Plus particulièrement, le dernier rapport a réinitialisé la référence d'émissions pour la mode. Dans sa feuille de route de 2019, Aii et le World Resources Institute ont estimé que l'industrie avait émis 1,025 gigatonnes d'équivalent dioxyde de carbone (CO2e), soit environ 2 % des émissions mondiales annuelles de gaz à effet de serre (GES). La dernière feuille de route d'Aii révèle que la mode a émis environ 897 millions de tonnes d'équivalent dioxyde de carbone (CO2e) en 2021, soit 1,8 % des émissions mondiales de GES, soit une augmentation de 0,87 % après ajustement pour les hypothèses clés.
Parallèlement à une estimation révisée des émissions du secteur, la dernière feuille de route d'Aii souligne la nécessité d'objectifs scientifiques vérifiés (avec plus de 400 entreprises de vêtements représentées aujourd'hui) et des efforts continus pour décarboniser les vêtements.
"Nous sommes clairs dans le rapport que cela ne devrait pas être considéré comme le chiffre définitif car c'est la meilleure estimation dont nous disposons, mais nous pensons que c'est un sens raisonnable pour les émissions du secteur", a déclaré Sadowski. Tout en étant célébré, il a souligné que les progrès doivent être meilleurs et plus rapides.

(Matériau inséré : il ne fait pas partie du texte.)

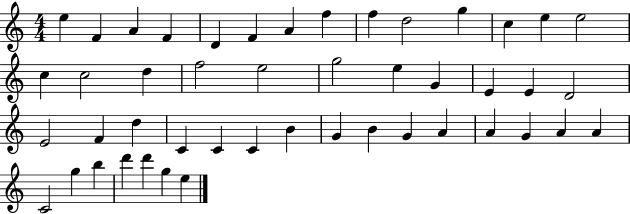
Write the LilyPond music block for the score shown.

{
  \clef treble
  \numericTimeSignature
  \time 4/4
  \key c \major
  e''4 f'4 a'4 f'4 | d'4 f'4 a'4 f''4 | f''4 d''2 g''4 | c''4 e''4 e''2 | \break c''4 c''2 d''4 | f''2 e''2 | g''2 e''4 g'4 | e'4 e'4 d'2 | \break e'2 f'4 d''4 | c'4 c'4 c'4 b'4 | g'4 b'4 g'4 a'4 | a'4 g'4 a'4 a'4 | \break c'2 g''4 b''4 | d'''4 d'''4 g''4 e''4 | \bar "|."
}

Aii a utilisé les estimations du "Preferred Fiber and Materials Market Benchmark" de Textile Exchange (octobre 2022) et les informations de Textile Exchange et du SAC, pour éclairer son nouveau niveau de référence en matière d'émissions sectorielles. La feuille de route précédente citait environ 66 % de toutes les fibres utilisées dans les vêtements. Alors que l'utilisation du polyester, pour sa part, a en fait augmenté ces dernières années, Sadowski a déclaré que le dernier rapport d'Aii supposait que seulement 55% de l'utilisation du polyester était destinée aux vêtements. Il a déclaré que le changement d'allocation (reflété non seulement dans le polyester mais dans toutes les fibres) a réduit les émissions. "Ce qui est important, c'est que nous devenons plus précis au fil du temps avec l'impact sur le secteur de l'habillement", a-t-il ajouté.

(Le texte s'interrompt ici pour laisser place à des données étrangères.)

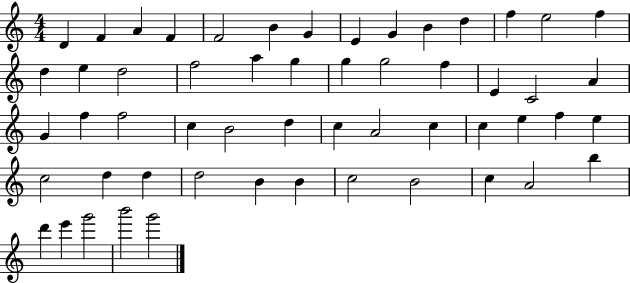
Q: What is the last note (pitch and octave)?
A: G6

Les groupes commerciaux se sont constamment efforcés d'améliorer la collecte de données dans l'industrie. Beth Jensen, directrice de l'impact du programme Climate+ de Textile Exchange, a déclaré à WWD que Textile Exchange émet des hypothèses sur l'utilisation des fibres du secteur sur la base de "plusieurs sources de données", notamment des organisations de l'industrie, des rapports de marché, des données basées sur les fournisseurs de Textile Exchange et la consultation des parties prenantes. Lorsqu'une gamme est publiée, l'organisation adopte une approche "conservatrice".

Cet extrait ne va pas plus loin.